As a self-taught author, Hapsiadis creates unusual plots wherein key Greek music industry players participate as personages. In all his novels to-date his heroes maintain their real life names; however, in his second novel, Hapsiadis uses the name Lelos instead of his own given Christian name of Lefteris to represent himself as the leading actor. All three novels are written in simple everyday spoken Greek. He usually places verses inside the text, often for reasons of historic significance to the context he describes. All his novels expose events with actual historic data. He often offers his own insights in the evolution of rebetika from the times of Markos Vamvakaris and Vassilis Tsitsanis (pre- and post-World War II) to the present day. The events he addresses, many of which he himself witnessed as participant, are presented in quite a bit of detail.

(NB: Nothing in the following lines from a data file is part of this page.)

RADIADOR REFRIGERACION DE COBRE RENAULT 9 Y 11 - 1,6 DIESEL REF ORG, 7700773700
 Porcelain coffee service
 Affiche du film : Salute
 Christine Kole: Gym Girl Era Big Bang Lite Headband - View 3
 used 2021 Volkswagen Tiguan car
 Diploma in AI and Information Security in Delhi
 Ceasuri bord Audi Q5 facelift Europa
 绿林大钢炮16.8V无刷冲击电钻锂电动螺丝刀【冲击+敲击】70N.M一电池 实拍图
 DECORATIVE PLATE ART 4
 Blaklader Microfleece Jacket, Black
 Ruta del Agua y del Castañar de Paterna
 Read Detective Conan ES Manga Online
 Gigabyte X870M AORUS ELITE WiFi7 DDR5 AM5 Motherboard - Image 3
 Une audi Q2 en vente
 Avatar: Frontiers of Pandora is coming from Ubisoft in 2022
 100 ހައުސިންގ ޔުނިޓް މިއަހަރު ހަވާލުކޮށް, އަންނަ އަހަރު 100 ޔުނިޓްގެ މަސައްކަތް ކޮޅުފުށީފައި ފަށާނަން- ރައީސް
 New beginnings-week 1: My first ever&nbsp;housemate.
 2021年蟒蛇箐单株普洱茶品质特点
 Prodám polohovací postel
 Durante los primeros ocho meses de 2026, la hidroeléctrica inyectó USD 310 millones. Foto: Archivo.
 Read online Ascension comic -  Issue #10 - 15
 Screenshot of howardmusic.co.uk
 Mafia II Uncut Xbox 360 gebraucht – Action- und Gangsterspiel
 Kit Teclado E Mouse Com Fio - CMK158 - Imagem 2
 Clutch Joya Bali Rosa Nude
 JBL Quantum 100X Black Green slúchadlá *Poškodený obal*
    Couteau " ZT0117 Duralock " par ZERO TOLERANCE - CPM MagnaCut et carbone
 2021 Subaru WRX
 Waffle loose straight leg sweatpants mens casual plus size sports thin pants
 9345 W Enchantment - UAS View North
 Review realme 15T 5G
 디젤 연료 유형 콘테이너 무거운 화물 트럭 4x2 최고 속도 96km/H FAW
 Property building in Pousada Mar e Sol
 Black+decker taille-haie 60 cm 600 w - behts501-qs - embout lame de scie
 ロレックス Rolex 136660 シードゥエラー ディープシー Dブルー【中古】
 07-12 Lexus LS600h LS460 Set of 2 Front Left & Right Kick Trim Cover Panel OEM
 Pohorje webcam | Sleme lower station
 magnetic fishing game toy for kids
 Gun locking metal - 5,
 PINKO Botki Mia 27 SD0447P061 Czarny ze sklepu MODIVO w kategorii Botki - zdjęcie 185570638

With a few scarce exceptions, Hapsiadis avoids criticism of his book personages, however, on occasions, he is being quite critical of himself and his own weaknesses.

==Honors==
During his 25-year-long career as a lyrics writer, Hapsiadis achieved a number of Golden and Platinum record awards and occasionally he has been publicly recognized for his contribution to the Greek Popular Music by the Prefecture of Evros and Municipalities of Alexandroupolis and Feres with organized concerts dedicated to his song-lyrics successes.